The models above show a really simple concept: window frames will conduct heat differently depending on both their material (obvious) and geometry (maybe not so obvious). All three of those models are aluminium frame windows with the same glass, same interior and exterior conditions, and same material. Drastically different temperature gradients and drastically different R-values due to just the differences in geometry.
In New Zealand, the thermal performance of windows in determined through NZS 4218 (kind of). This standard gives you a table to pick your window R-values. This method allows you to assume every aluminium window frame conducts heat exactly the same. R0.26 is the default value for a double glazed aluminium window in New Zealand. That is where the building code is set. Frame geometry need not be considered in this country, just the material and the glass.
Strangely, the same generic non-thermally broken aluminium windows with double pane glass are widely considered R0.17 in Canada. That’s because thermal modelling software, per NFRC, calculated that value (New Zealand theoretically also uses NFRC-100 for modelling, more on that below). Sail those same windows across the Pacific and apply far less sophisticated (and less accurate) methods and they become R0.26. Canadian building code requirements for windows left this technology behind 15 years ago…

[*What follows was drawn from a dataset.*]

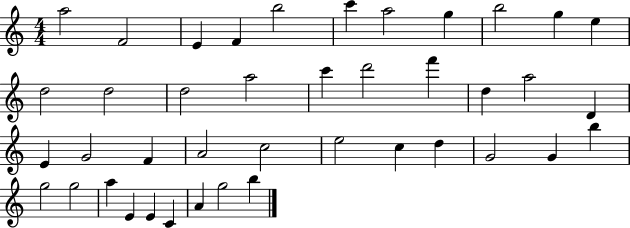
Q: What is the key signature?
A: C major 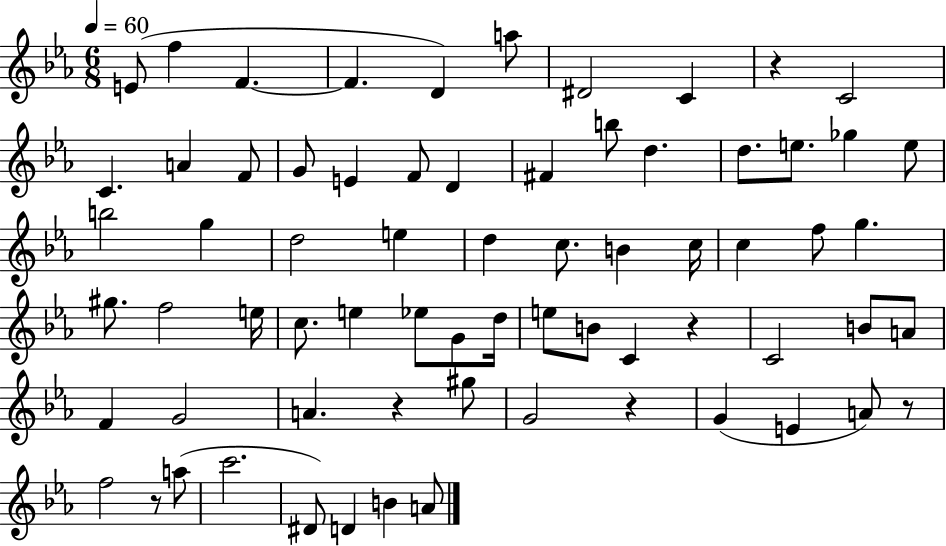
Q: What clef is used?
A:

Of course you could prove the actual R-value of your product in New Zealand using free software (THERM) and an experienced thermal modeller. NZS 4218 let’s you do this (if you’re that interested) and directs you to BRANZ “Standard Window R-value Calculation Procedure (SCP)” which then directs you to find a list of approved modellers from WANZ. Here’s the fun bit, there is no list! So you can’t follow the thermal modelling pathway to determine the effect your frame geometry has on the actual R-value of your product which leads the whole industry back towards mediocrity; gleefully thinking all aluminium windows are created equal.
You can’t generically combine an IGU with a frame and get a standard R-value, it’s just not the simple. The spacer bar, the position of the window in the opening (align with the insulation) and geometry can vary the actual performance by orders of magnitude.
WEERS is a new voluntary performance standard aimed at moving these generic R-values towards more realistic values. This is a shift towards more accurate performance numbers and is the first step towards getting better windows and homes in New Zealand. Unfortunately, I suspect modelling will show their windows are worse than than the building code so it’s hard to see voluntary adoption taking off any time soon.
Generic schedule tables are useful if they are granular enough to give you accurate results. Unfortunately, windows don’t fall into this category.